The task: Below is a listing. Write out exactly its lines between the one holding "BIM Q&A | Why" and the one holding "รูปของ แกงจืดหมูสับผักกาดขาวเต้าหู้ไข่", inclusive.

------ Data for the task ------

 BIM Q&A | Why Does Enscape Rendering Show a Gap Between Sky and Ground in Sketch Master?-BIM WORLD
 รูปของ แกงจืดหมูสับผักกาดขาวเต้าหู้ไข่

------
------ Data for the task ------

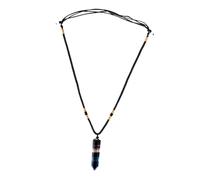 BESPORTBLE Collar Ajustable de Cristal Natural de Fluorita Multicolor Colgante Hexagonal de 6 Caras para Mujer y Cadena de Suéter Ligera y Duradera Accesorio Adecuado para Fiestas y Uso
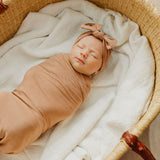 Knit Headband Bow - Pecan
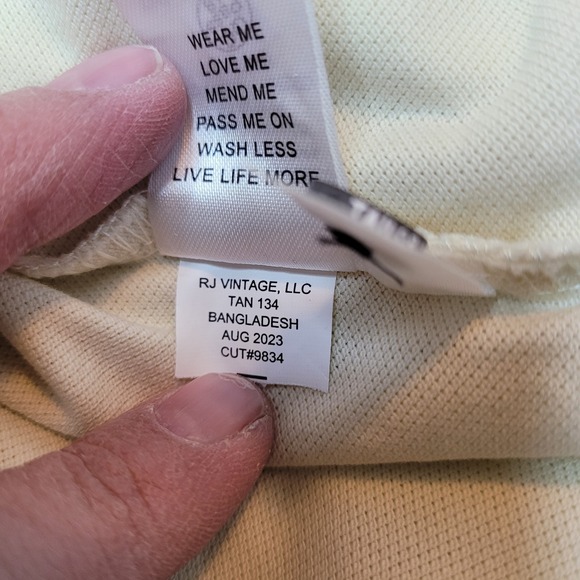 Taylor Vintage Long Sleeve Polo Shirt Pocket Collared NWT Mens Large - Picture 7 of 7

------

Output for this task:
 BIM Q&A | Why Does Enscape Rendering Show a Gap Between Sky and Ground in Sketch Master?-BIM WORLD
 รูปของ แกงจืดหมูสับผักกาดขาวเต้าหู้ไข่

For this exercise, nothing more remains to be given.